Section: Overall Objectives
Objective: efficient support for scalable data-intensive computing
Our research activities focus on the data storage and processing needs of data-intensive applications that that exhibit the need to handle:
-
Massive data BLOBs (Binary Large OBjects), in the order of Terabytes, stored in a large number of nodes (thousands to tens of thousands), accessed under heavy concurrency by a large number of processes (thousands to tens of thousands at a time), with a relatively fine access grain, in the order of Megabytes;
-
Very large sets (millions) of small objects potentially arriving in streams, stored and processed on geographically distributed infrastructures (e.g. multi-site clouds);
-
Very large sets of scientific data processed on extreme-scale supercomputers.
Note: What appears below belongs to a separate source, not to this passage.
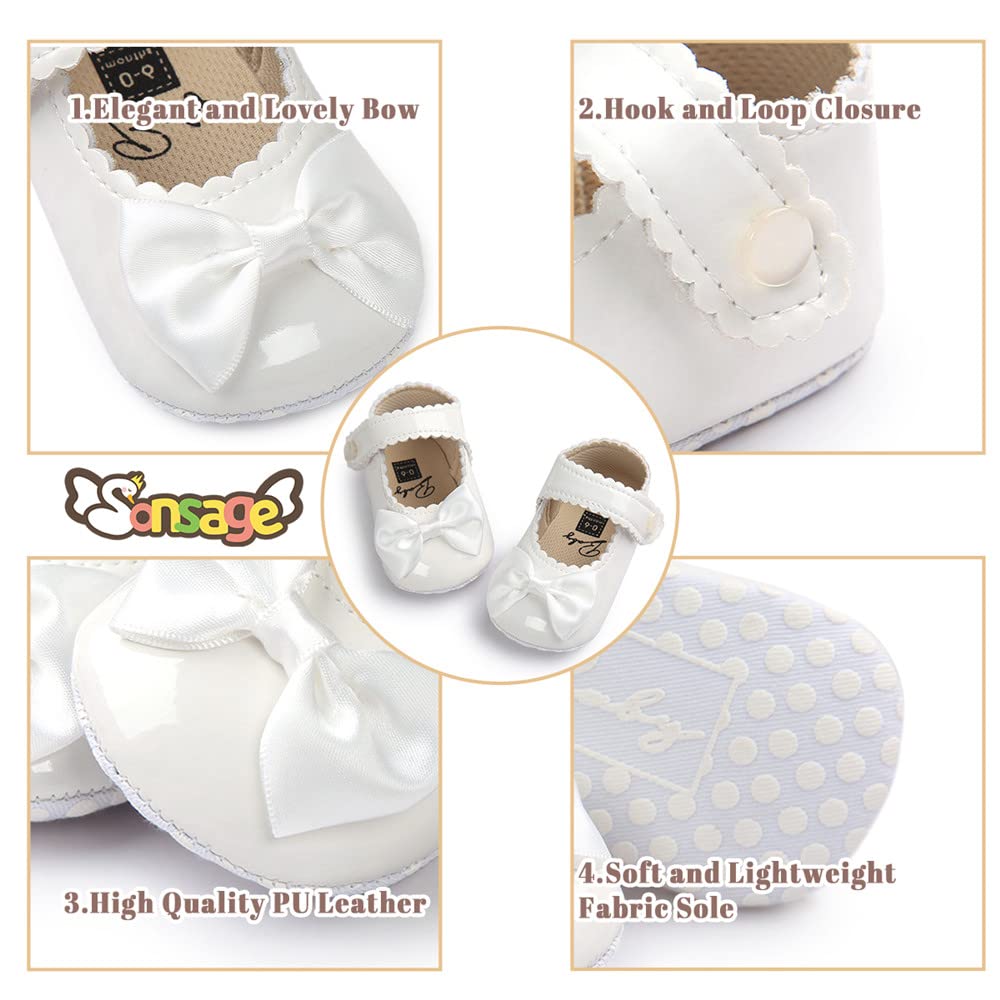 Sonsage Infant Baby Mädchen Bowknot Mary Jane Kleinkind weich Anti-Rutsch-Sohle Prinzessin Hochzeit Kleid erste Walking Flats Prewalker Neugeborenen Ballett Schuhe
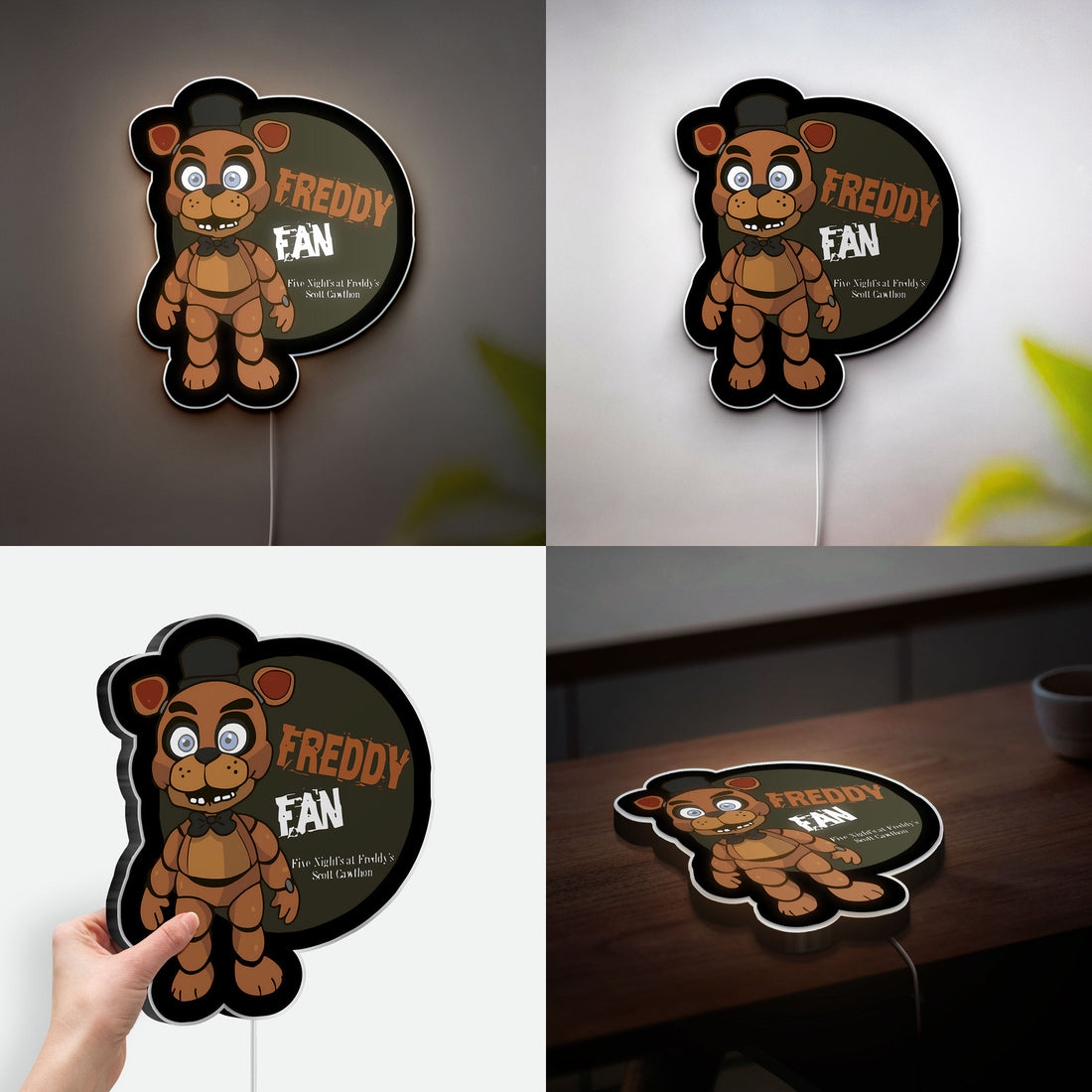 Five Nights at Freddy's 3D Light Box - FNAF Freddy Glow Decor, Horror Game LED Night Light for Fans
Examples of such applications are:
-
Massively parallel data analytics for Big Data applications (e.g., Map-Reduce-based data analysis as currently enabled by frameworks such as Ha doop, Spark or Flink);
-
Advanced cloud services for data storage and transfer for geographically distributed workflows requiring efficient data sharing within and across multiple datacenters;
-
Scalable solutions for I/O management and in situ visualization for data-intensive scientific simulations (e.g. atmospheric simulations, computational fluid dynamics, etc.) running on Extreme-Scale HPC systems.